REQUIREMENT:
What is needed here is each entry reproduced exactly, without its pictures.

Items from a data source:
- - -

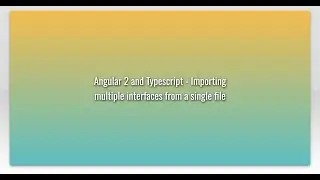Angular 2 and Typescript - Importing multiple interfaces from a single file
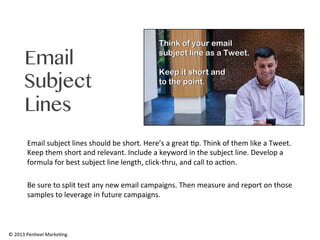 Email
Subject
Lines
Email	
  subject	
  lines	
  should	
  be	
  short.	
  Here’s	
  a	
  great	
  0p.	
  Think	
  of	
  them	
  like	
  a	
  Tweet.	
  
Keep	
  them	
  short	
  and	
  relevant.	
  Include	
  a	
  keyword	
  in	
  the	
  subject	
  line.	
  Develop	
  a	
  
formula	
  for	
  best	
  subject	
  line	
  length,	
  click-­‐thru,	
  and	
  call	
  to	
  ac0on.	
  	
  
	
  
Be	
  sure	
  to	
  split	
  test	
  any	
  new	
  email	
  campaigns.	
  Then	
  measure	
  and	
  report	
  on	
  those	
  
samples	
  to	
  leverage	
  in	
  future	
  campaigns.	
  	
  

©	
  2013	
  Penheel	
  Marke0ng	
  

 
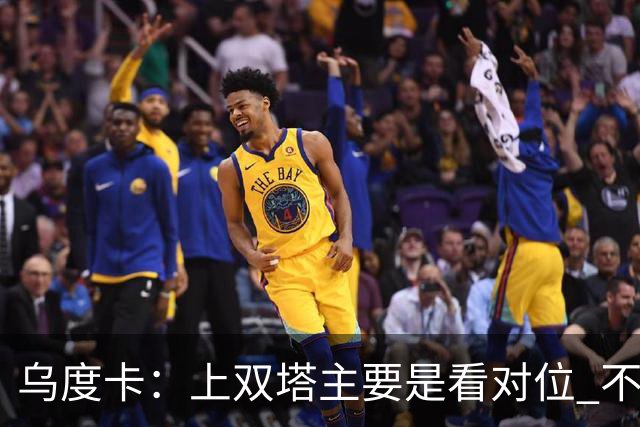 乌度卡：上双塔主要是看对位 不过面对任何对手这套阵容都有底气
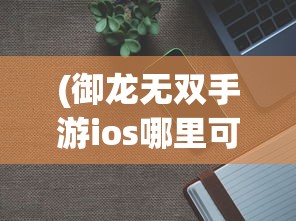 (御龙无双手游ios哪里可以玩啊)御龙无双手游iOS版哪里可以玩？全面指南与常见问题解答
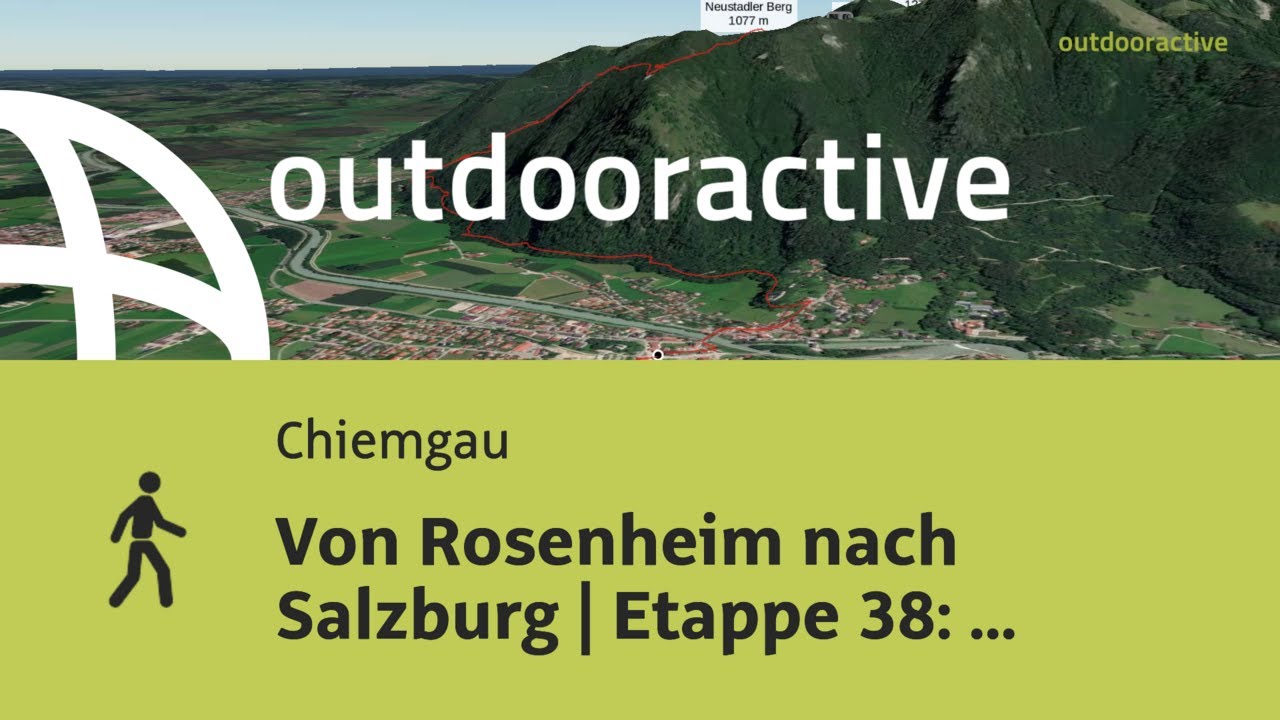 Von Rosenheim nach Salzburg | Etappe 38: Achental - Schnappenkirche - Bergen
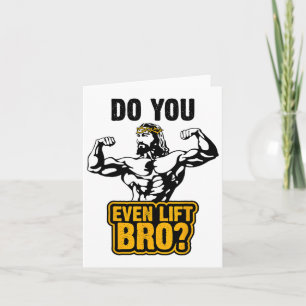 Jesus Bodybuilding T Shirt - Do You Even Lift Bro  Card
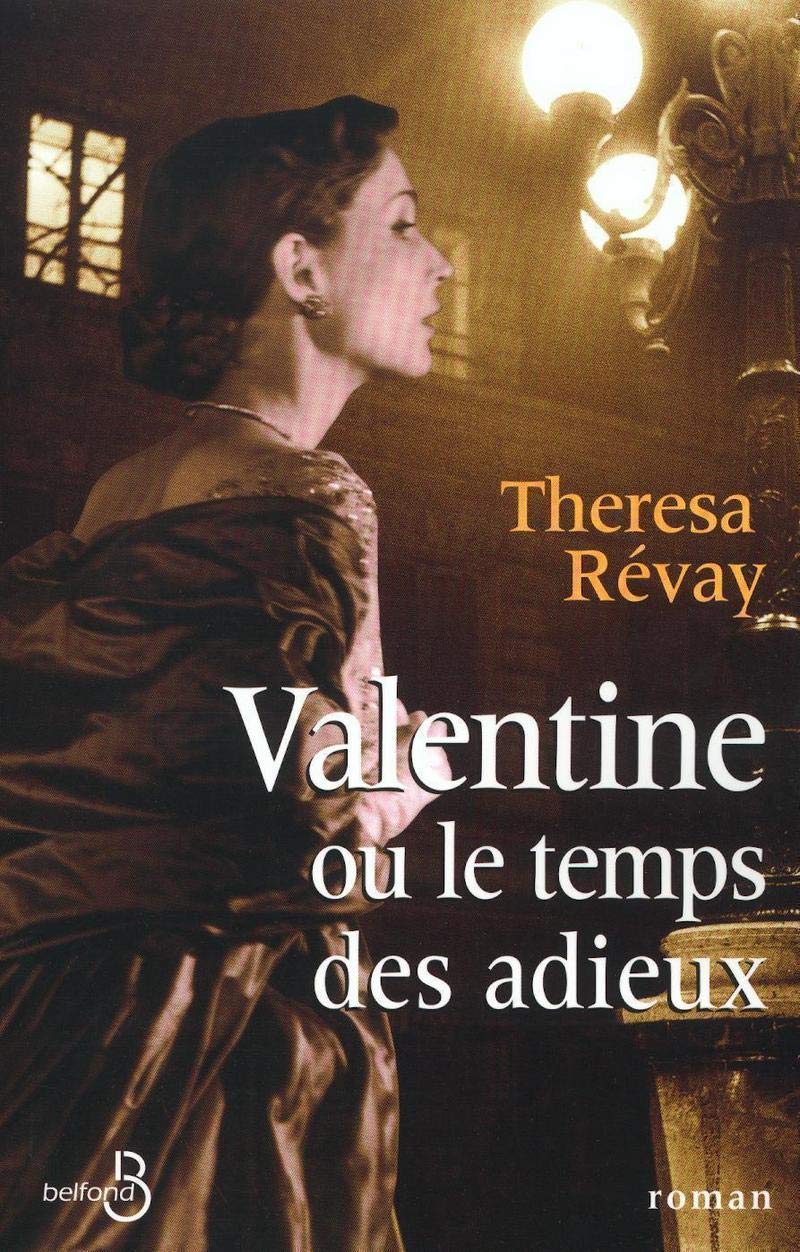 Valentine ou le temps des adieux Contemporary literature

- - -

SOLUTION FOR THIS TASK:
Angular 2 and Typescript - Importing multiple interfaces from a single file
 Email
Subject
Lines
Email	
  subject	
  lines	
  should	
  be	
  short.	
  Here’s	
  a	
  great	
  0p.	
  Think	
  of	
  them	
  like	
  a	
  Tweet.	
  
Keep	
  them	
  short	
  and	
  relevant.	
  Include	
  a	
  keyword	
  in	
  the	
  subject	
  line.	
  Develop	
  a	
  
formula	
  for	
  best	
  subject	
  line	
  length,	
  click-­‐thru,	
  and	
  call	
  to	
  ac0on.	
  	
  
	
  
Be	
  sure	
  to	
  split	
  test	
  any	
  new	
  email	
  campaigns.	
  Then	
  measure	
  and	
  report	
  on	
  those	
  
samples	
  to	
  leverage	
  in	
  future	
  campaigns.	
  	
  

©	
  2013	
  Penheel	
  Marke0ng	
  

 
 乌度卡：上双塔主要是看对位 不过面对任何对手这套阵容都有底气
 (御龙无双手游ios哪里可以玩啊)御龙无双手游iOS版哪里可以玩？全面指南与常见问题解答
 Von Rosenheim nach Salzburg | Etappe 38: Achental - Schnappenkirche - Bergen
 Jesus Bodybuilding T Shirt - Do You Even Lift Bro  Card
 Valentine ou le temps des adieux Contemporary literature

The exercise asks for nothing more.